President Obama Vacations in Bar Harbor, Maine and Acadia National Park

"This park is unusual. Rather than being carved out of existing federal land, this is land donated by some of the richest people in the country to the United States of America -- rich people who had it as their own special, elite summer enclave," said Burns, who is currently traveling the country visiting parks of a different sort, ballparks, for his upcoming documentary "The Tenth Inning," a new chapter of his 1994 "Baseball."

Acadia National Park Offers 'Ever-Changing Landscape'

Acadia is a three-and-a-half-hours' drive northeast of Portland, is connected to the mainland by a causeway. It was established as a national park in 1916.

Burns said that while the national parks have "spectacular natural scenery," they offer so much more.

"Usually what brings us to a national park is that we're out of normal routine," he said. "We get to see our parents and our siblings in different light. It really leaves an indelible mark on our memories."

Besides Cadillac Mountain, Burns recommends that the Obamas visit the Jordan Pond House Restaurant, known for its popovers and lemonade, Thunder Hole at the eastern edge of the park and the carriage roads created by John D. Rockefeller Jr.

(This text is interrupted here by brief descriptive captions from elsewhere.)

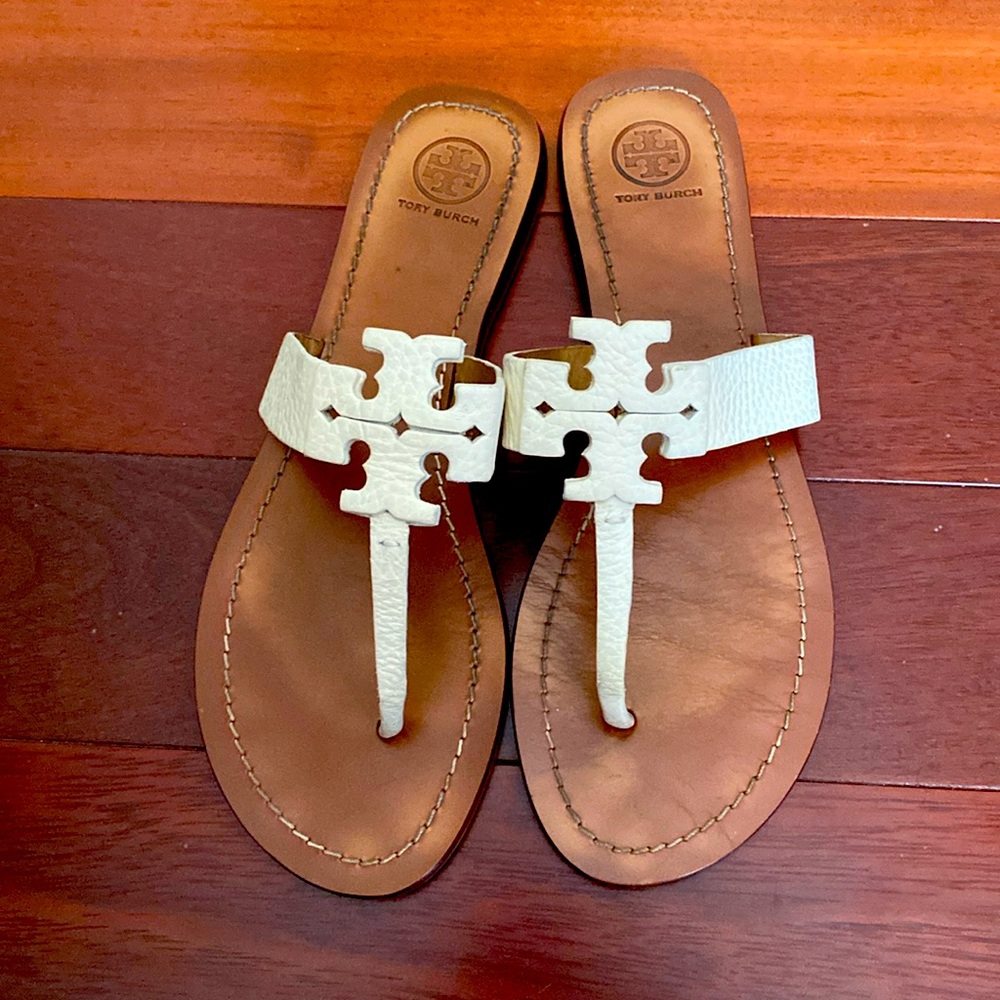 Tory Burch White Leather Miller Thong Sandals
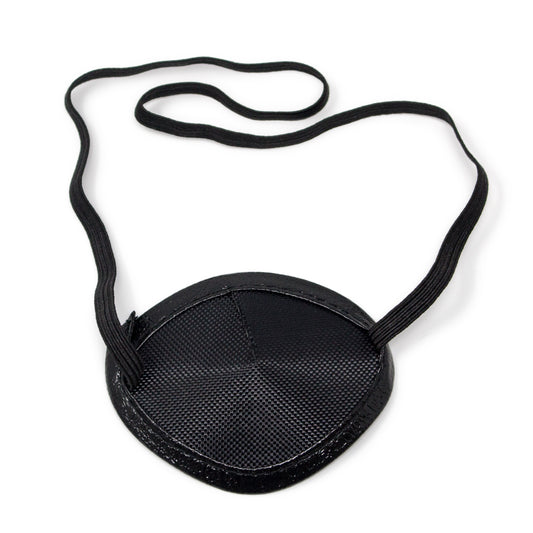 A black mesh eye patch with a black elastic strap, shown on a plain white background.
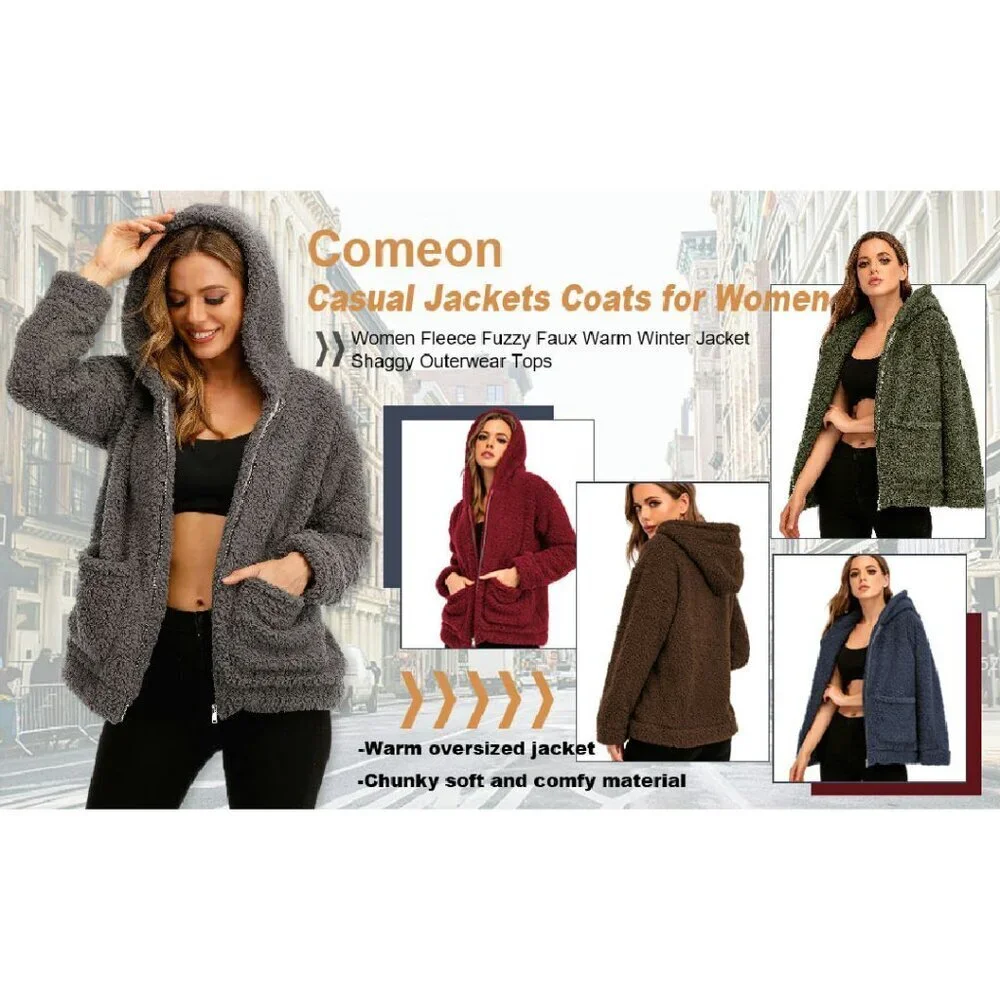 Oversized Faux Shearling Hooded Jacket - Fleece Lined Winter Coat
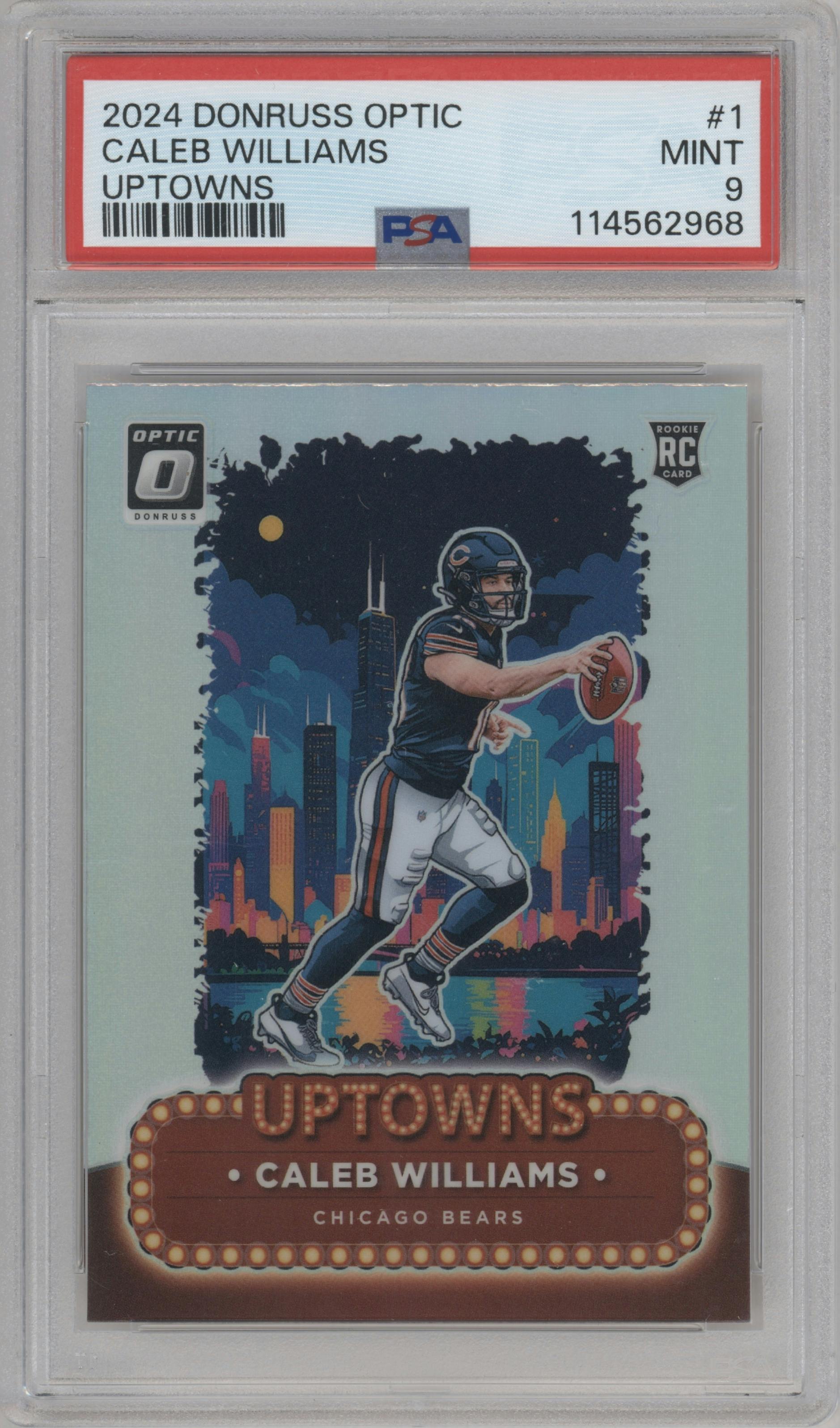 Caleb Williams from the 2024 Donruss Optic set graded by PSA and given an overall grade of 9.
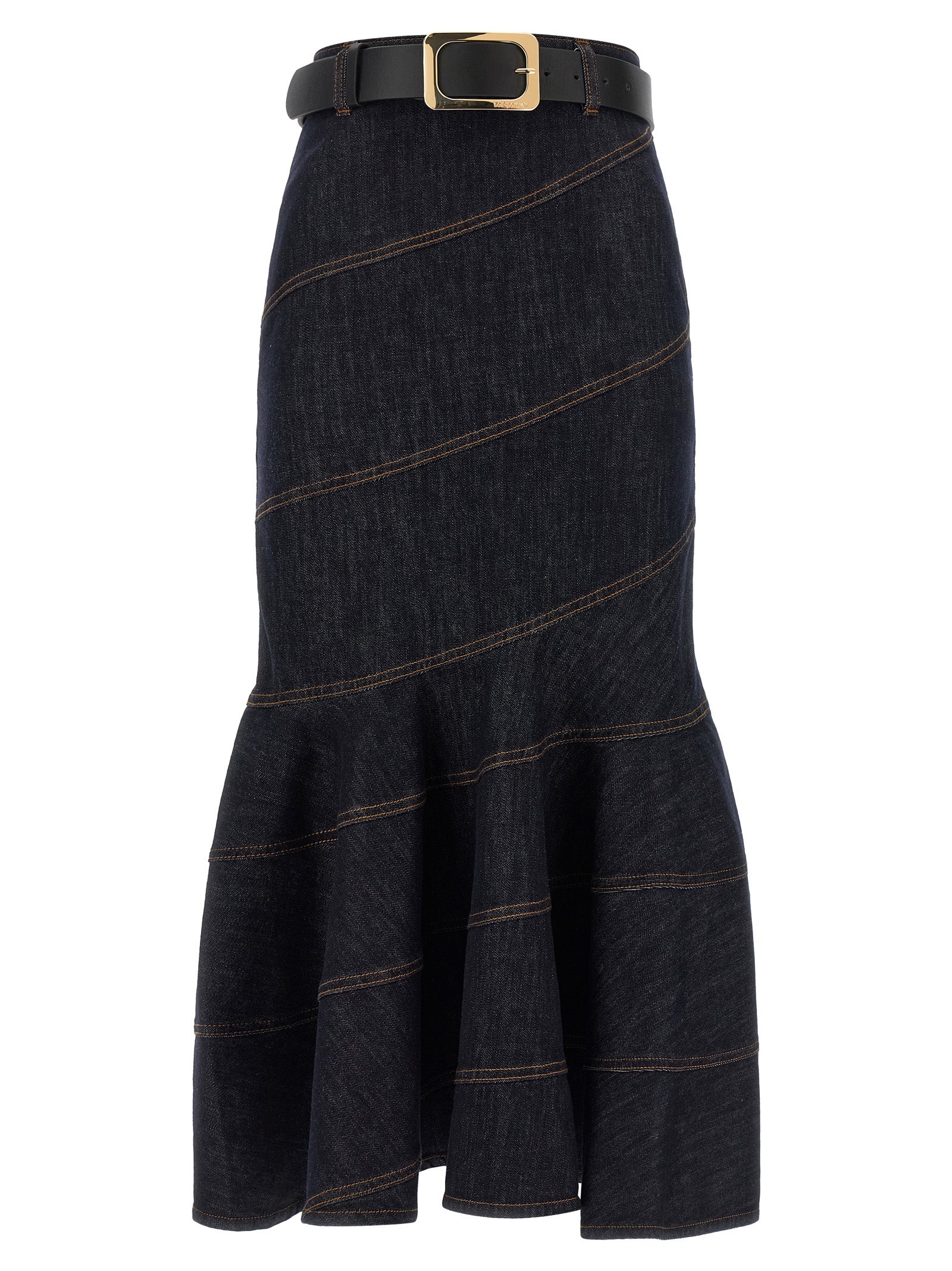 Self Portrait Women 'Indigo Denim Belted Midi' Skirt SELF-PORTRAIT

"They are unprecedented in a national park," he said. "They are wonder of architecture, of thoughtful planning. They pass by waterfalls and around trees. I think the president and his family will have a great time exploring that."

Ardrianna McLane grew up in the area, went to college at nearby College of the Atlantic and, after a few years away, returned to work as a ranger at Acadia.

"This is place where I think there is something for everyone. It's an ever-changing landscape where you have this connection between the ocean and the forest," McLane said.

Among her favorite spots in the park: the Jesup Path, which leads into town through connecting paths; the Sieur de Monts, the oldest section of the park; and the carriage paths.

"There are small, less visited places where you can hike through the forest and feel like you are the only one in Acadia," she said. "The park is so diverse. The trails wind around different vistas and you feel like you are really escaping."

"Remember," she added. "Acadia is the French word for `heaven of Earth' and I think it's no accident that the name has stuck."